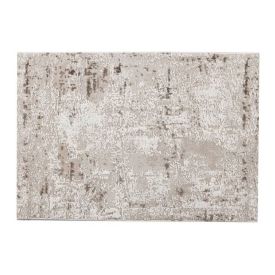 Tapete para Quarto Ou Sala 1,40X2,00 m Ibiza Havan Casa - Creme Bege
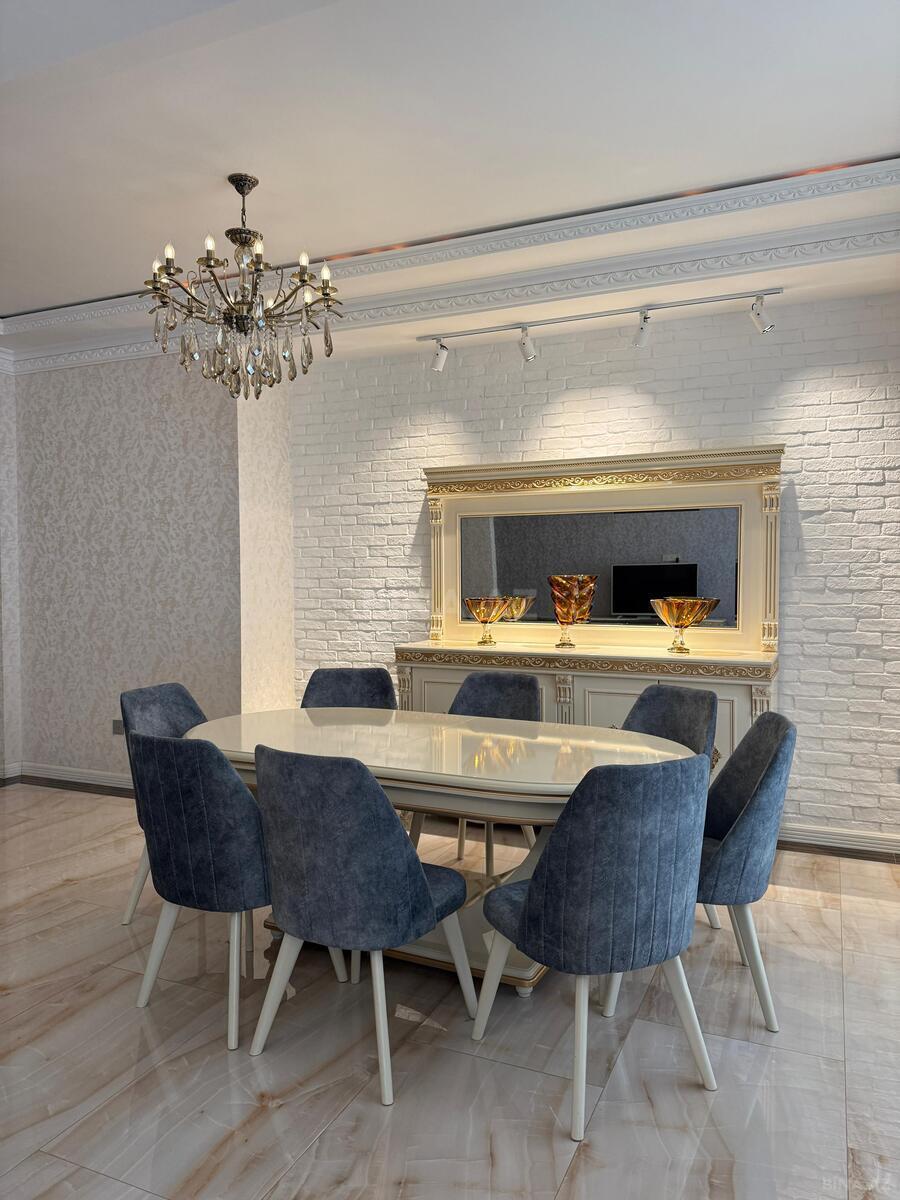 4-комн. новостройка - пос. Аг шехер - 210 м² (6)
---
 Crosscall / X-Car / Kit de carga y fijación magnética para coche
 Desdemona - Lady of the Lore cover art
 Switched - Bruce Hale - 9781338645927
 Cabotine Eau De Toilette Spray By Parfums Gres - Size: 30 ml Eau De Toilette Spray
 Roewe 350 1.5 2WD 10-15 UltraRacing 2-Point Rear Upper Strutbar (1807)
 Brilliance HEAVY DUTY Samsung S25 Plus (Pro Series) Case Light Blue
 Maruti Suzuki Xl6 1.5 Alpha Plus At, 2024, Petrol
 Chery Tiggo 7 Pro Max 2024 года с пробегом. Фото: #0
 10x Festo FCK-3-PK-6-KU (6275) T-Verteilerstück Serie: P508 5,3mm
...
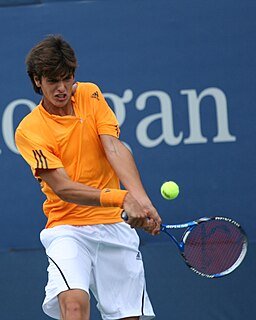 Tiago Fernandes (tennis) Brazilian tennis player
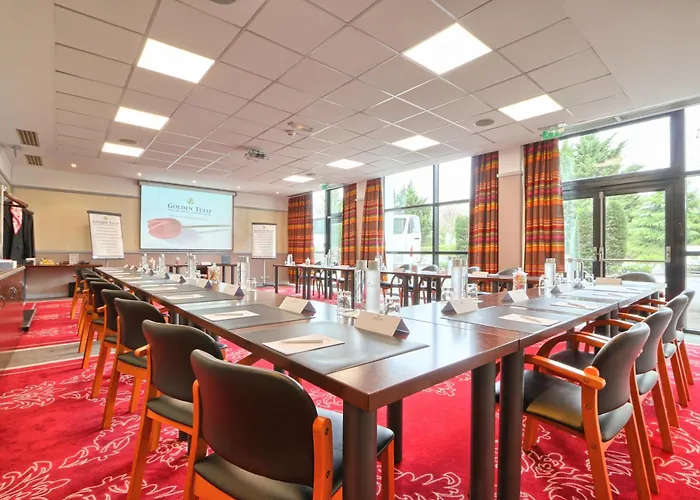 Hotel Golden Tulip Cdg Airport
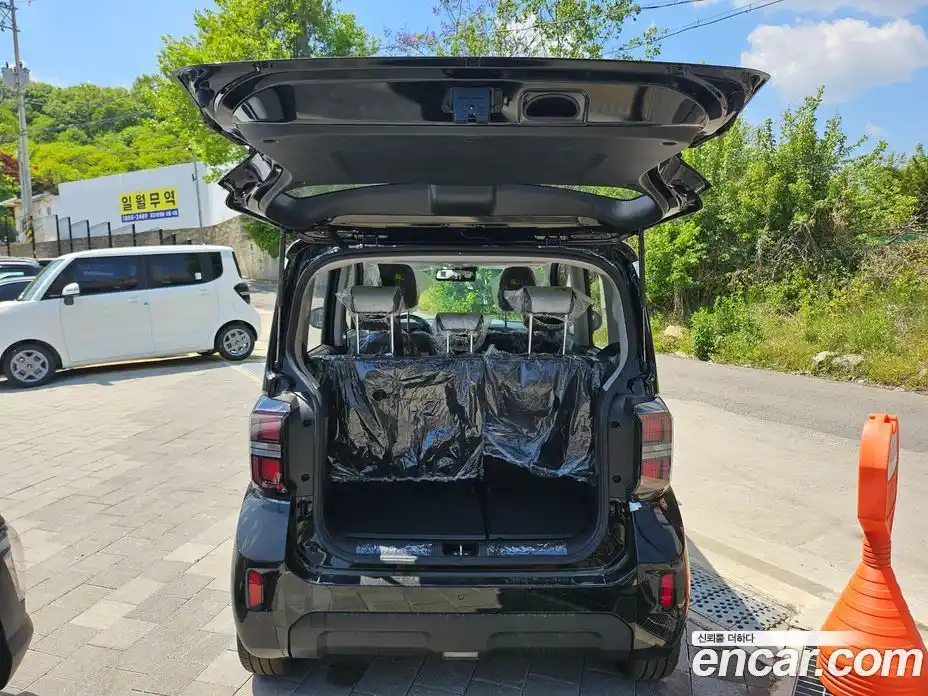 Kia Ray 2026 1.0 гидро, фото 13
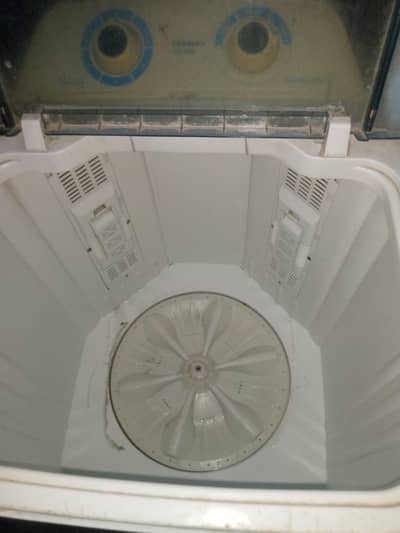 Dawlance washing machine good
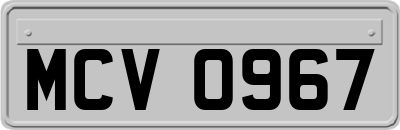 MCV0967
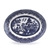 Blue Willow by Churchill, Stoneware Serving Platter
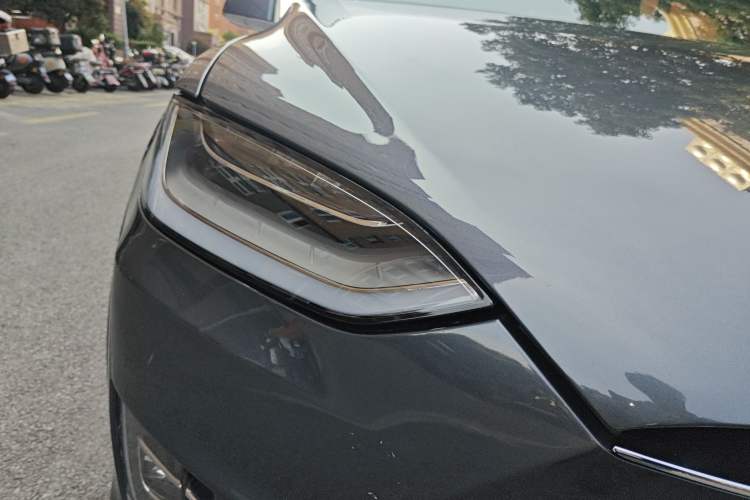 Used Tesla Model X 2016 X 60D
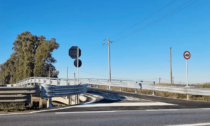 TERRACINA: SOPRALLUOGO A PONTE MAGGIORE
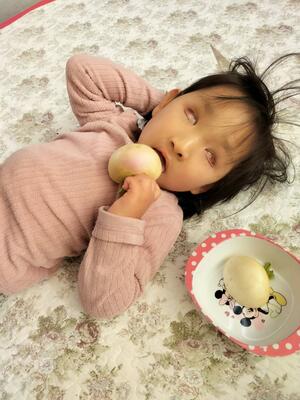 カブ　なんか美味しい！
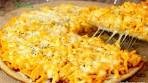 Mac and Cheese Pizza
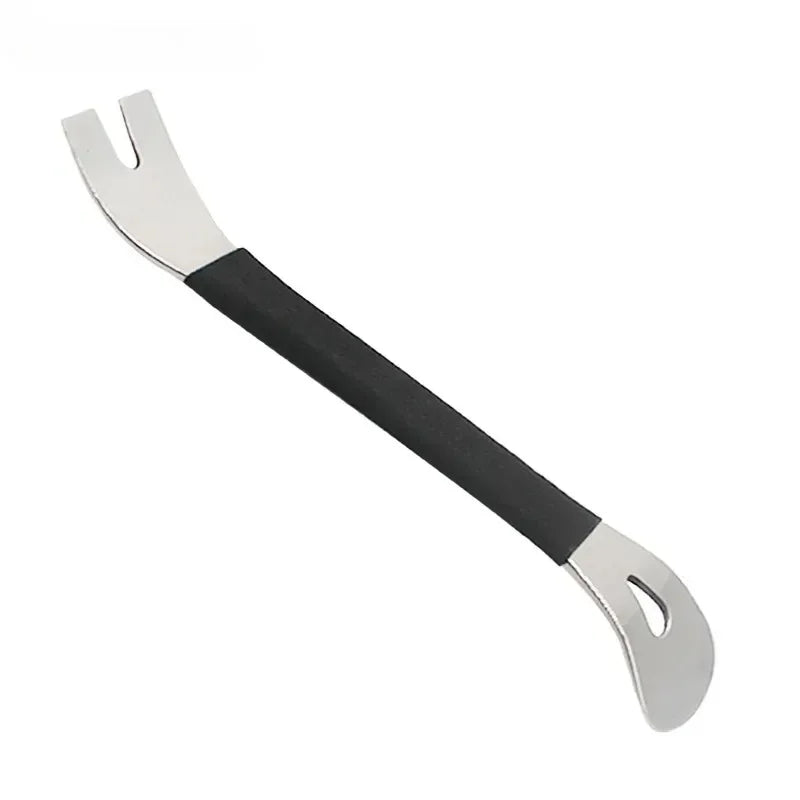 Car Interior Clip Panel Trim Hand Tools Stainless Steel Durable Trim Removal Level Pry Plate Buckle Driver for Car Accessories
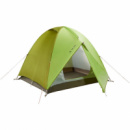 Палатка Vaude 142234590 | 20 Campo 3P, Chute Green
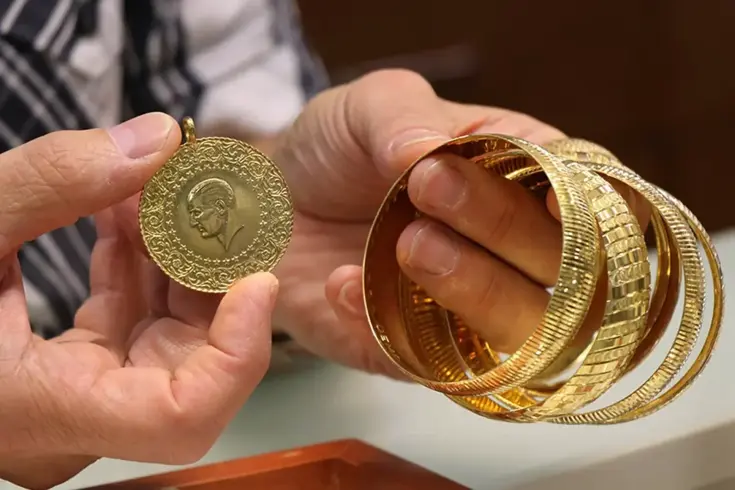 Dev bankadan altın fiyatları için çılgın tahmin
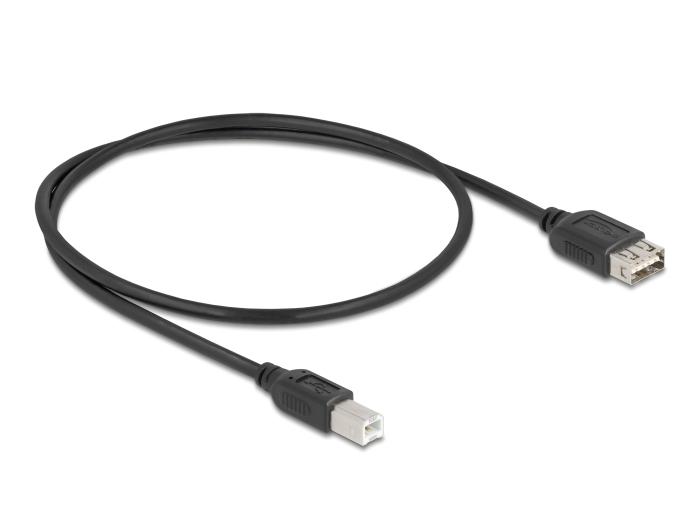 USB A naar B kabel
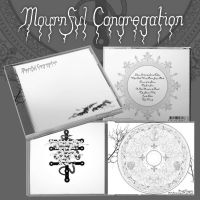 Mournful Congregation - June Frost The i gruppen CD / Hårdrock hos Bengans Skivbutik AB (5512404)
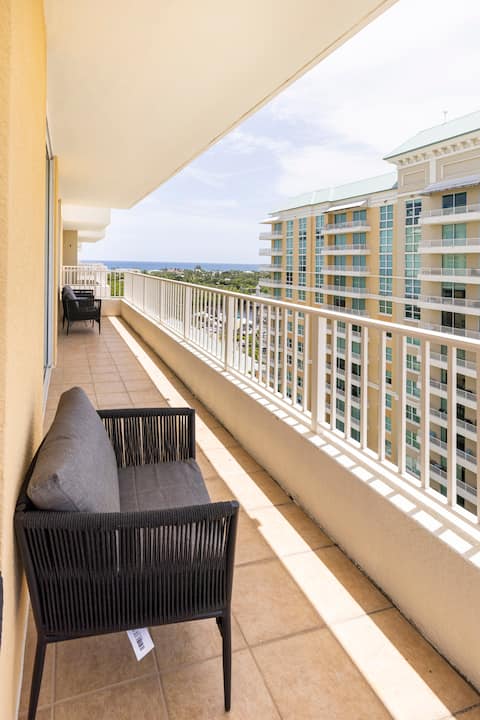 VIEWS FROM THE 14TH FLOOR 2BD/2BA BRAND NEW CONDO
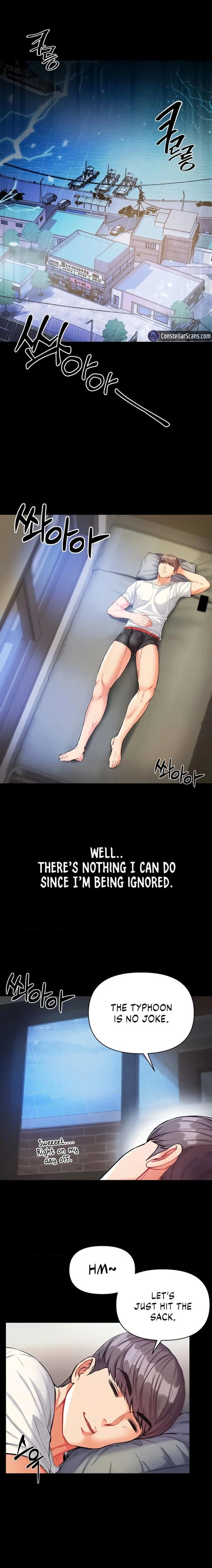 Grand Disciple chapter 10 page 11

**WHAT IS EXPECTED**
In the material above, find the line containing "Switched - Bruce Hale - 9781338645927" and the line containing "Brilliance HEAVY DUTY", then write out exactly those two lines and every line between them, and nothing more.

**EXERCISE RESPONSE**
 Switched - Bruce Hale - 9781338645927
 Cabotine Eau De Toilette Spray By Parfums Gres - Size: 30 ml Eau De Toilette Spray
 Roewe 350 1.5 2WD 10-15 UltraRacing 2-Point Rear Upper Strutbar (1807)
 Brilliance HEAVY DUTY Samsung S25 Plus (Pro Series) Case Light Blue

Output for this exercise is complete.